Taking the listing below, restate word for word each line from the line with "di Charlie Kirk" to the line with "15354 SW 72nd St 31-11, Miami, FL 33193", ends included, and stop there.
━━━ Source material ━━━
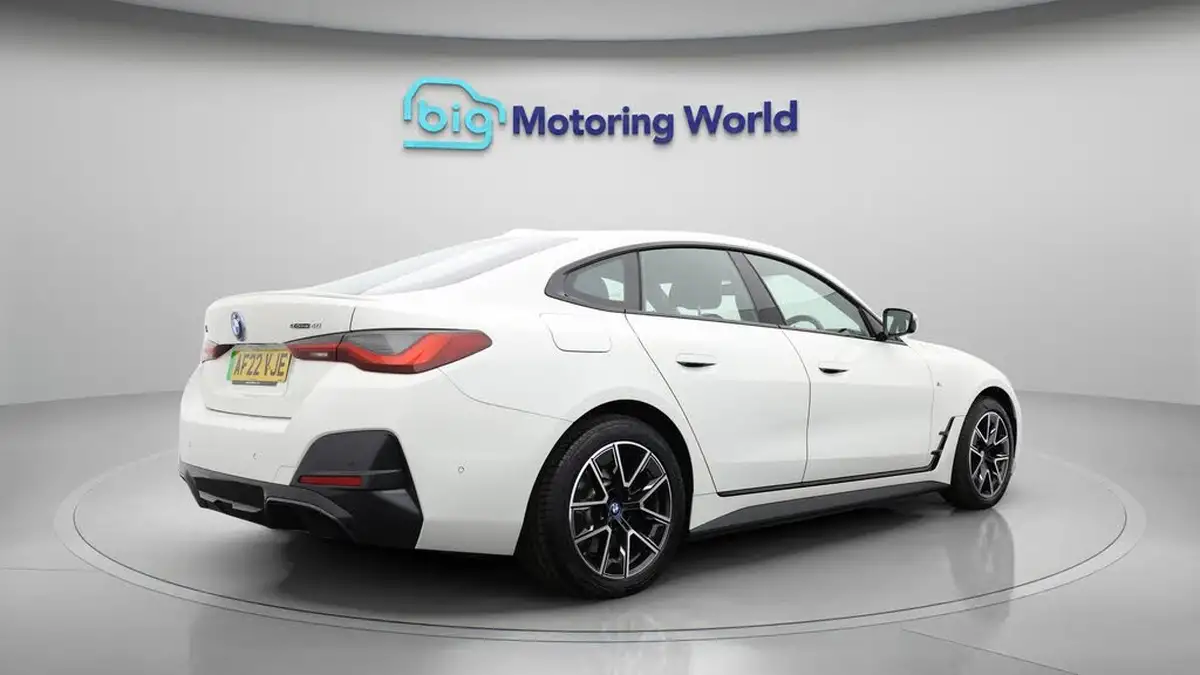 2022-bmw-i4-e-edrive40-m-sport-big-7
━━━
━━━ Source material ━━━
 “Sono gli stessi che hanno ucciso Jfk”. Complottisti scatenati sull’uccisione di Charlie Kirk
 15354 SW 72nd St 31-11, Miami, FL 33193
━━━
Result:
 “Sono gli stessi che hanno ucciso Jfk”. Complottisti scatenati sull’uccisione di Charlie Kirk
 15354 SW 72nd St 31-11, Miami, FL 33193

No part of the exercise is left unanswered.